Home | About | Sematext search-lucene.com search-hadoop.com
 Search Hadoop and all its subprojects:

Switch to Threaded View
Hadoop >> mail # user >> hbase puts in map tasks don't seem to run in parallel


Copy link to this message
-
Re: hbase puts in map tasks don't seem to run in parallel
How large is your table?
If it is newly created and still almost empty then it will probably consist of only one region, which will be hosted on one region server.

Even as the table grows and gets split into multiple regions, you will have to split your mappers in such a way that each writes to the key ranges corresponding to the regions hosted locally on the corresponding region sever.

Cheers,

Joep

Sent from my iPhone

On Jun 2, 2012, at 6:25 PM, Jonathan Bishop <[EMAIL PROTECTED]> wrote:

> Hi,
>
> I am new to hadoop and hbase, but have spent the last few weeks learning as
> much as I can...
>
> I am attempting to create an hbase table during a hadoop job by simply
> doing puts to a table from each map task. I am hoping that each map task
> will use the regionserver on its node so that all 10 of my nodes are
> putting values into the table at the same time.
>
> Here is my map class below. The Node class is a simple data structure which
> knows how to parse a line of input and create a Put for hbase.
>
> When I run this I see that only one region server is active for the table I
> am creating. I know that my input file is split among all 10 of my data
> nodes, and I know that if I do not do puts to the hbase table everything
> runs in a parallel on all 10 machines.
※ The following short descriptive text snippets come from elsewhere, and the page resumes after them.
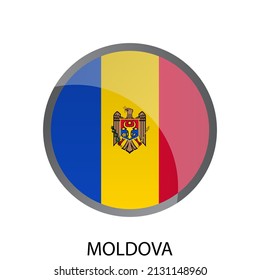 Bandera brillante del círculo del icono de Moldavia. Botón aislado simple. Ilustración vectorial Eps10.
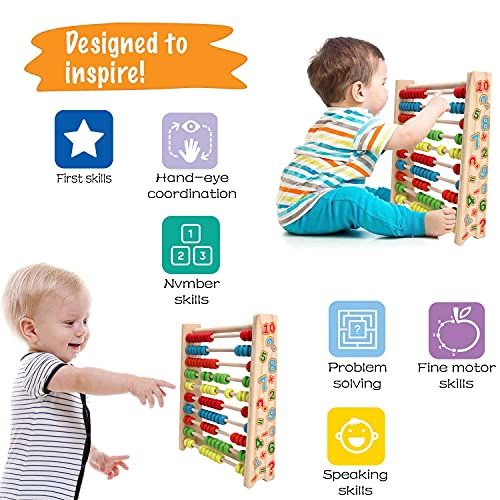 Sealive Classic Wooden Abacus for Kids Math, Educational Counting Toy with 100 Beads, 123 Learning Number Abacus for Toddler, Mathematics Toy Beads Game for Preschool Children Kindergarten - Image 2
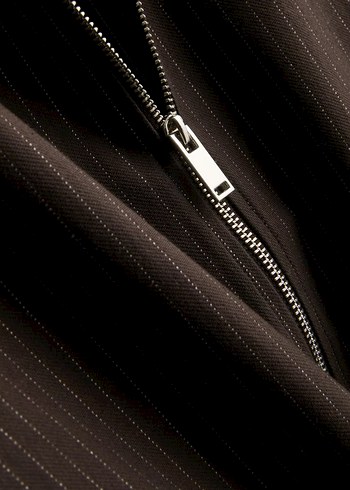 Kadın Koyu Bej Pilili Uzun Kollu Ceket - Görsel 2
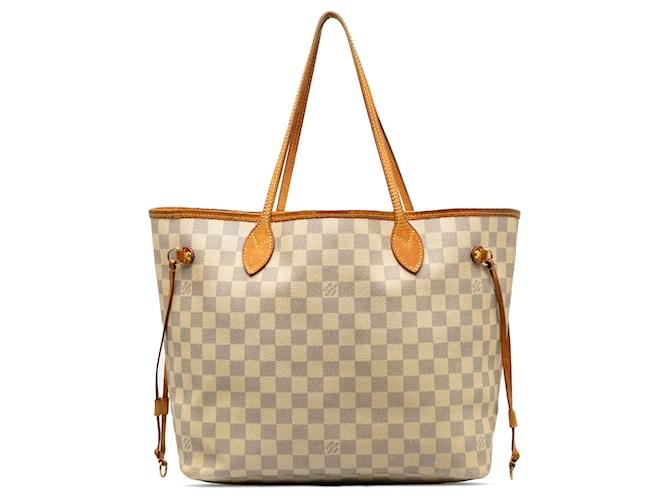 Louis Vuitton White Damier Azur Neverfull MM Leather Cloth  ref.1218655
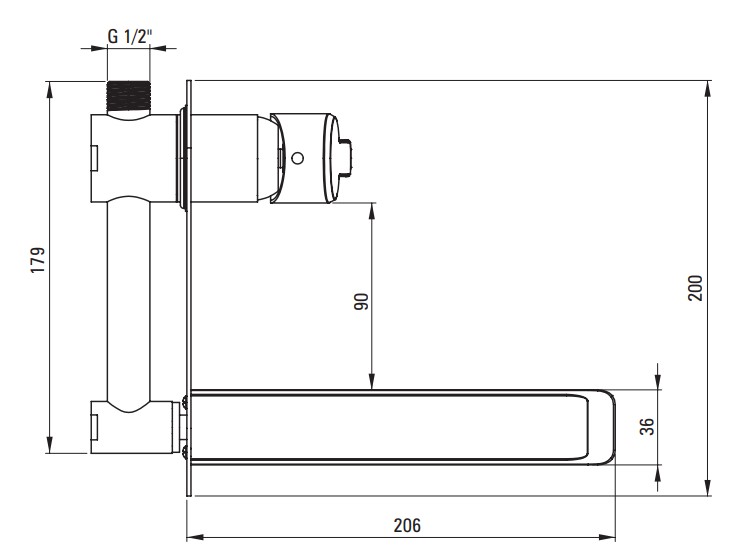 Mitigeur de lavabo encastré Deante Arnika 180 mm sans bonde en PVD doré poli - vue 7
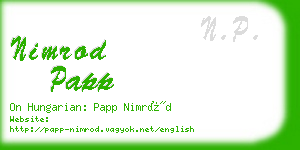 nimrod papp business card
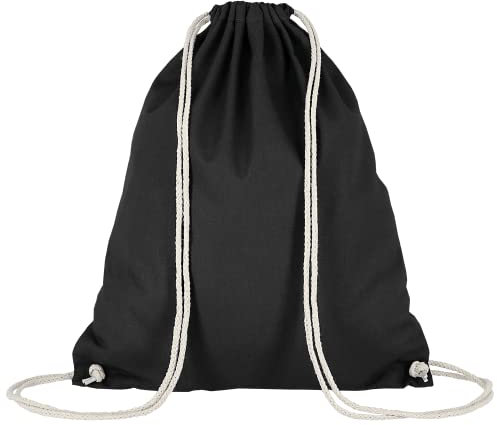 TEXXILLA 10er Pack Turnbeutel - Oeko-TEX 100 Zertifiziert | mit robusten Zugbändern | 38x46cm | Jutebeutel | Einkaufstasche | unbedruckt, Farbe:schwarz, Größe:10 Stück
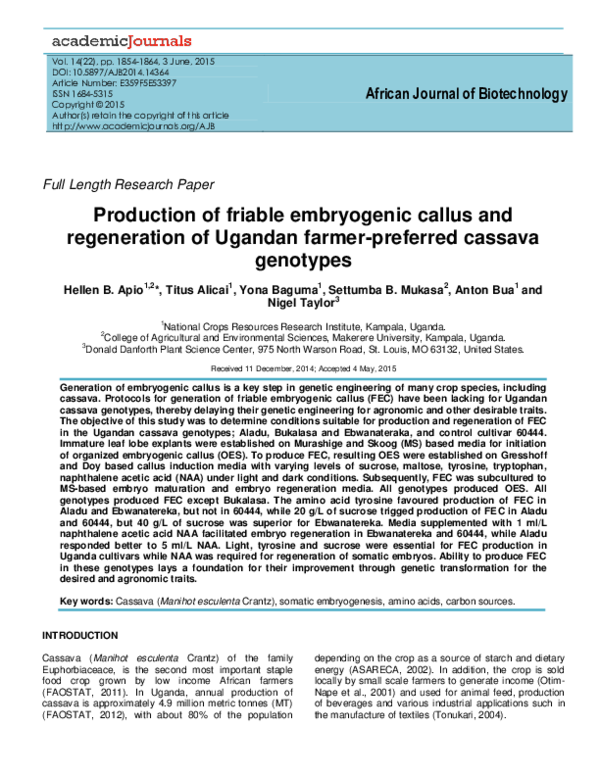 (PDF) Production of friable embryogenic callus and regeneration of ...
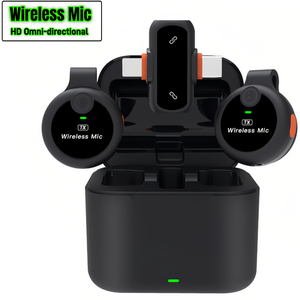 Microfono Wireless Omnidirezionale J33 con Custodia di Ricarica, Riduzione del Rumore AI per Streaming Live, Registrazione Audio e Interviste - Product Image 1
It is only when I start doing hbase
> puts that the run times go way up.
>
> Thanks,
>
> Jon
>
> public static class MapClass extends Mapper<Object, Text, IntWritable,
> Node> {
> HTableInterface table = null;
> @Override
> protected void setup(Context context) throws IOException,
> InterruptedException {
> String tableName = context.getConfiguration().get(TABLE);
> table = new HTable(tableName);
> }
> @Override
> public void map(Object key, Text value, Context context) throws
> IOException, InterruptedException {
> Node node = null;
> try {
> node = Node.parseNode(value.toString());
> } catch (ParseException e) {
> throw new IOException();
> }
> Put put = node.getPut();
> table.put(put);
> }
> @Override
> protected void cleanup(Context context) throws IOException,
> InterruptedException {
> table.close();
> }
> }